Thanks @Tom Smart -- some very useful information on the tips page. I might even have some of that pentacryl in a cupboard somewhere (long past its sell-by date, I'm sure!)


----------



## Spinartist (Sep 12, 2016)

Oh yea, I say unto thee... Ask and Ye shall receive!!! Norfolk Island Pine knot direction commin at ya!

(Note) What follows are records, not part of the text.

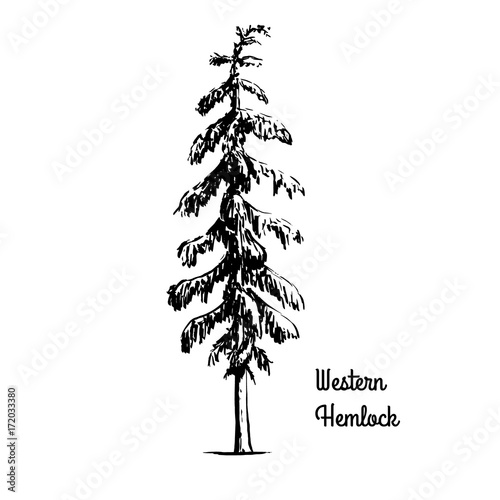 Vector sketch illustration. Black silhouette of Western Hemlock isolated on white background. Drawing of evergreen coniferous plant, Washington state tree. photo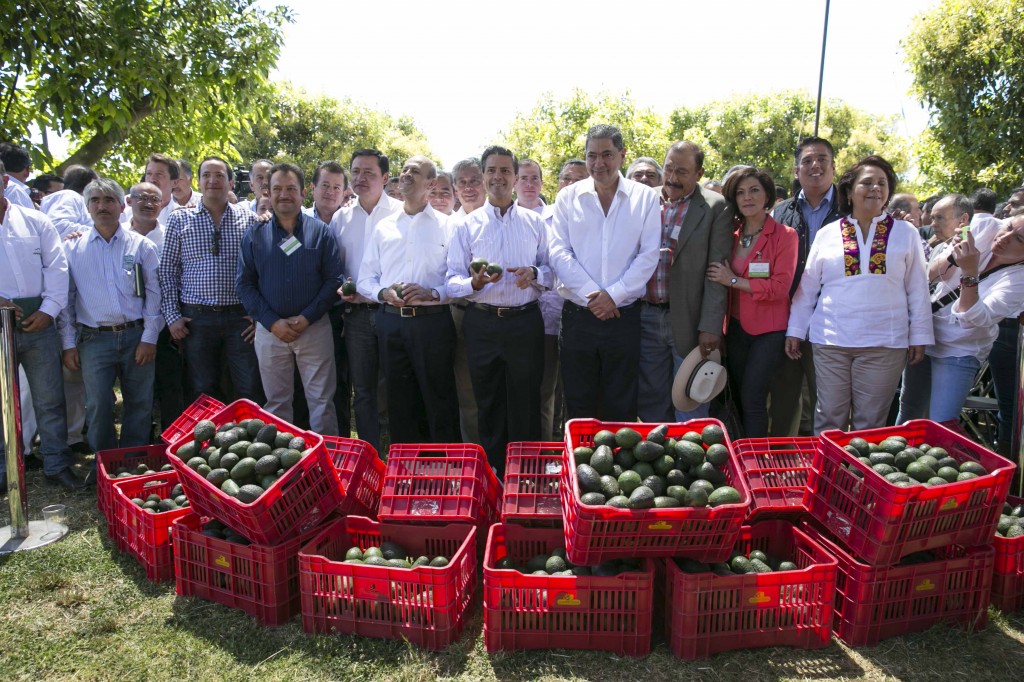 peña nieto aguacateros uruapan sosteniendolos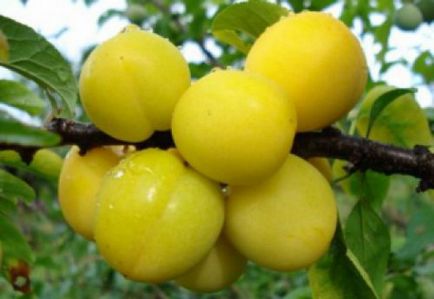 Calorii galbene de prune, folosirea si rau de prune galbene, sfaturi despre mancare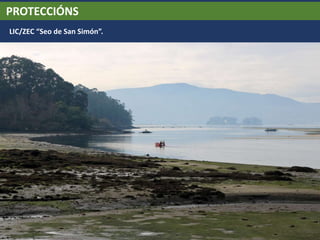 PROTECCIÓNS
LIC/ZEC “Seo de San Simón”.
 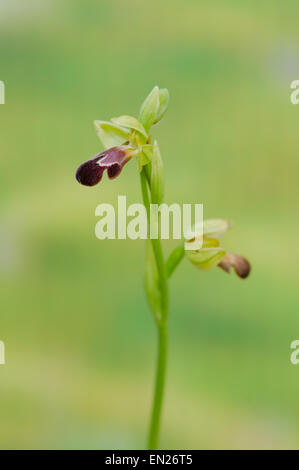 Düstere Biene - Orchidee, Ophrys algarvensis, Andalusien, Südspanien. Stockfoto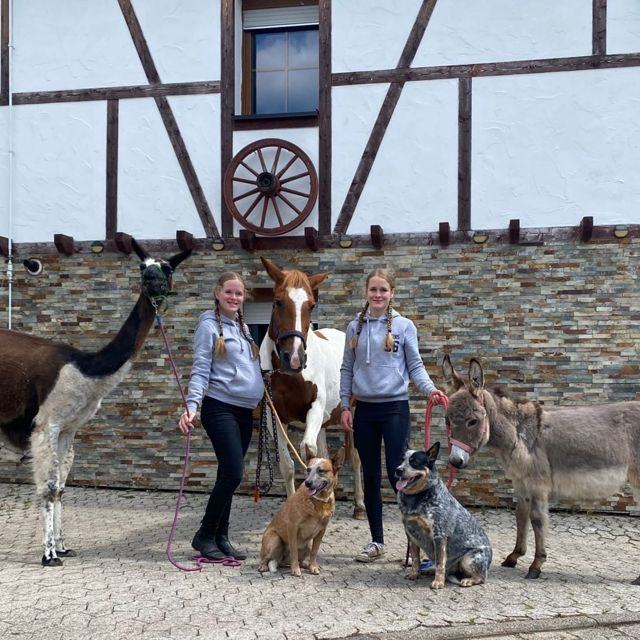 Alina und Laura Schäfges vor dem Elzbachhof mit einem Lama, einem Pferd, Hunden und einem Esel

Reactions: Like 1 | Thank You! 1 | Way Cool 1 | Informative 2


----------



## Tom Smart (Sep 12, 2016)

Duncan, I came away with some of the pentracryl and Odie's oil, neither of which I have tried yet. While I was at their shop (home actually) Steve Arnold was finishing a NIP hollow form and applying the Odie's oil by hand without a rag. It was a beautiful piece. I'm anxious to get home and try these blanks.

Reactions: Like 1


----------



## ripjack13 (Sep 12, 2016)

@Don Ratcliff has done a couple vessels...maybe he could offer some "whimsical" advice?

Reactions: Funny 2


----------



## Spinartist (Sep 12, 2016)

Gents. I turn lots of NIP. It's yellow when the live tree is first cut down & spalts with dark areas in a few months here in south Florida. Almost all dark in 8 to 10 months...How fresh is the NIP you have?? You can set the cut log end on dirt to spalt quicker.

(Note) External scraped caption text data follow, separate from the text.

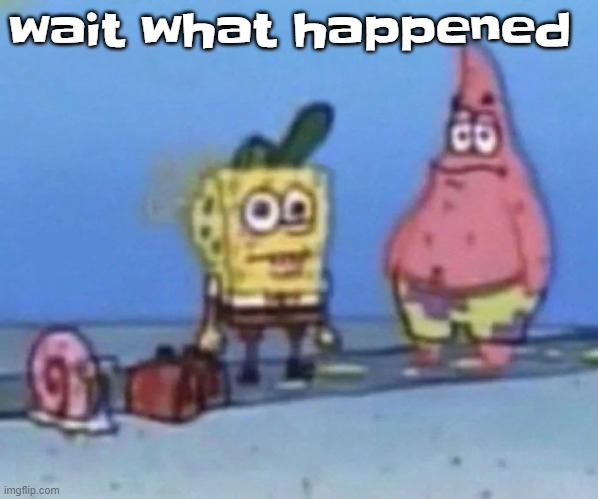sponge and pat | wait what happened | image tagged in sponge and pat | made w/ Imgflip meme maker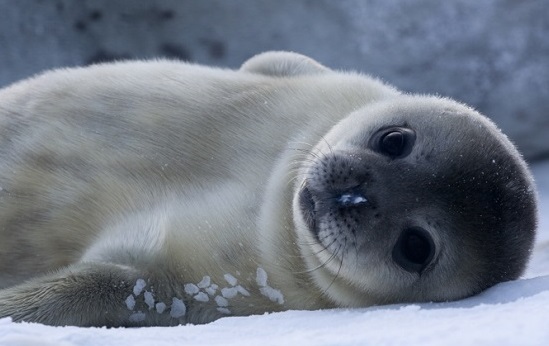 Os bigodes das focas têm uma função muito além da estética - servem para perceber mudanças na água e notar a presença de um peixe, mesmo que distante.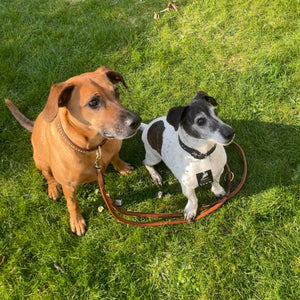 Hundeleine rundgenäht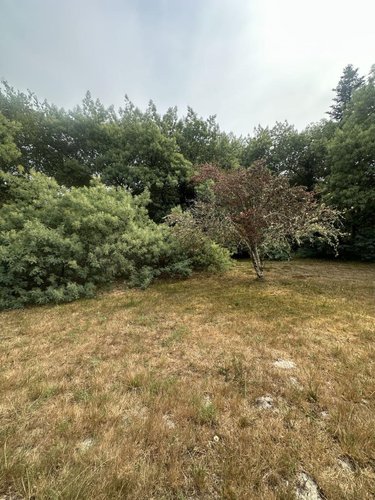 Maison a vendre Aureilhan 40200 Landes 100 m2 4 pièces 230560 euros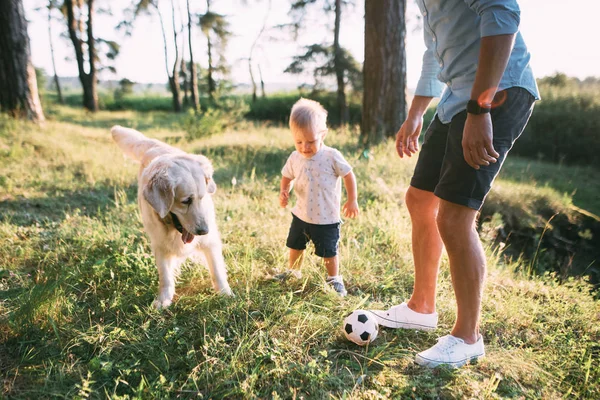 Father Day Happy Family Father Toddler Son Playing Laughing Nature — Stock Photo, Image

After turning my shape & dried - takes a day if turned thin to dry, a couple days if over 1/4", sanding & form completed, I brush on several coats of boiled linseed oil, cut 50/50 with odorless mineral spirits(OMS), on wall thickness's over 1/4" or soak it in the oil for a day or two on thinner walled pieces to make it translucent.
Next is wipe excess oil from surface with OMS & paper towels and let air for half hour or longer.
** *PAPER TOWELS, RAGS OR WOOD CHIPS WITH LINSEED OR OTHER OIL FINISHED CAN SPONTANIOUSLY CATCH FIRE!!!!!!! TAKE THEM OUTSIDE & LAY FLAT TO DRY OR PUT INTO METAL CONTAINER WITH TIGHT FITTING LID!!*

Then I paint every surface of the oiled wood with Japan Drier(JD), available at most big box or hardware stores. The next day oil will be dry.
I spray or wipe on polyurethane to the desired finish. Before I started using JD I would need ten coats of poly to get a glass like finish. With the drier only 4 or 5 coats needed plus the oil won't bleed out if the piece heats up setting in the sun.

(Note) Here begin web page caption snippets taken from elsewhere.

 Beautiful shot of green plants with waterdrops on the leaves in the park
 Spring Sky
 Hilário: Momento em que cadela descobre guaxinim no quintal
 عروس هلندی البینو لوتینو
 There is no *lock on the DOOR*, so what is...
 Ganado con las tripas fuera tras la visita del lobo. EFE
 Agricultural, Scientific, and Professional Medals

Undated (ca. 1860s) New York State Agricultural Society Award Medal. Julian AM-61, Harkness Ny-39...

Reactions: Like 1 | Thank You! 2 | Way Cool 5


----------



## Spinartist (Sep 12, 2016)

ripjack13 said:


> @Spinartist
> 
> 
> What about that fabulous @spinartist guy??

Reactions: Funny 2


----------



## Spinartist (Sep 12, 2016)

duncsuss said:


> I got a couple of pieces of NIP, about 10" diameter, 5"--6" thick cookies. Both have the traditional ring of knots.
> 
> The obvious choice would be to turn them end-grain into something bowl-shaped -- but since I've never turned it before, I thought I'd ask if there are any sensible alternatives (that don't involve shipping it someplace else or cutting it up for pens/hairsticks )
> 
> ...




Turn it as wet as you can. When very dry lots of torn end grain. Use sharp tools with absolute bevel contact & slow deliberate final cuts. Spray water on for final cuts helps too.

Reactions: Thank You! 1 | Agree 1


----------



## duncsuss (Sep 12, 2016)

Spinartist said:


> Turn it as wet as you can. When very dry lots of torn end grain. Use sharp tools with absolute bevel contact & slow deliberate final cuts. Spray water on for final cuts helps too.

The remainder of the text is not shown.